I find that some students struggle for a long time with the idea of a centre of rotation, and that its position is defined using coordinates. This activity is a great example of how software allows students to develop an understanding of this concept starting from their own, innate, intuition thanks to the quick experimentation that technology allows. The software interfaces then create a need for a more precise definition of the rotations. Both Geogebra and Autograph's interfaces can continually display the coordinates of the centre of rotation (and how these change as the centre changes) and require the student to input an angle and a direction.

For both the "Around the World" and "Jungle Obstacle" activities students should find there are a wide range of possible solutions. This opens up a great opportunity for discussions of the strategies used by different students.

What to Expect?

For the "Around the World" activity students started off using their intuition and trial and error. However, going round the class I soon noticed that one of the students was only using 180° turns. She had developed a strategy of drawing a line from her starting point to where she wanted to go, measuring it, finding the mid-point and using this as her centre of rotation. This provided a great discussion opportunity. The rest of the class benefited from seeing this girl's methods and she benefited when she saw that 180° rotations weren't the only solutions possible!

This lead to a discussion on how many different solutions did the class think were possible for any one stage of a journey? This developed into a challenge, for students who finished early, to try and find as many different centres or rotation and angles of rotation as possible for any given stage on the "around the world" trip.

I took the work of this Y7 class and presented it to my Y10 higher class (able 14-15yr olds). The question I asked them was:

"How many different centres of rotation provide an adequate solution for any given stage between two places?"

"Can you develop a general method for finding a variety of rotation solutions to take you between any two places?"

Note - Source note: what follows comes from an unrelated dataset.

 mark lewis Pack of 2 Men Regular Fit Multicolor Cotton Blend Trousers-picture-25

This also provides a good introduction to Locii or arc lengths and sectors - is the angle the same from each centre of rotation? If not, can you explain why not and how you could calculate what the angle of rotation will be (use of arc length and radii measurements)?

The video below shows a quick overview of the sorts of questions and general methods that can arise.

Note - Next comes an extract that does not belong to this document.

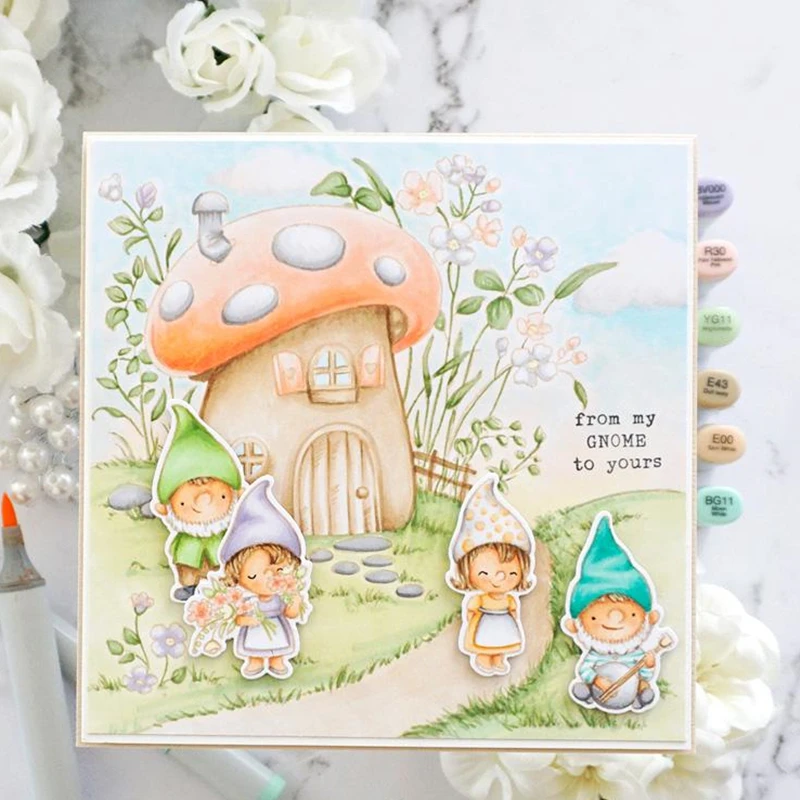 

Mushroom House Homestead Metal Cutting Stamp DIY Emboss Stencil Scrapbooking Dies for Card Making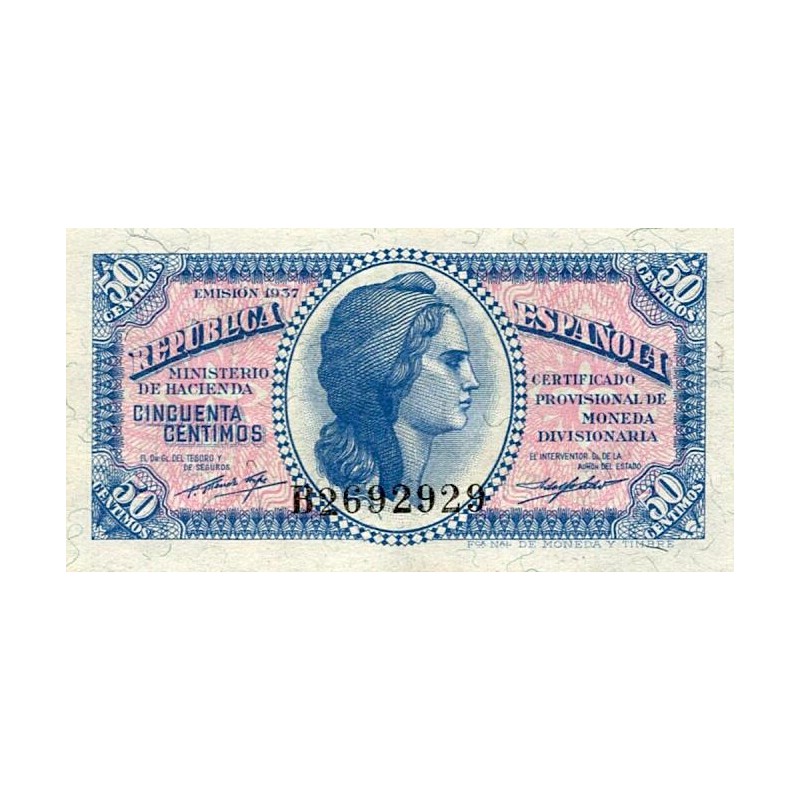 ESPAGNE - PICK 93 - 50 CENTIMOS - 1937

The "Jungle Obstacle" activity raises the same questions and more:

• For any centre of rotation is there an angle that will produce a solution?
• For any given centre of rotation, how many solutions will there be that lie on the red line? Can you demonstrate how to find these solutions? (e.g. show the intersections of the red path with a circle drawn using the centre of rotation as its centre)
• For any given angle, is their a centre of rotation that will provide a solution that lies on the red path? (yes, an infinite number of solutions! Can students explain why?).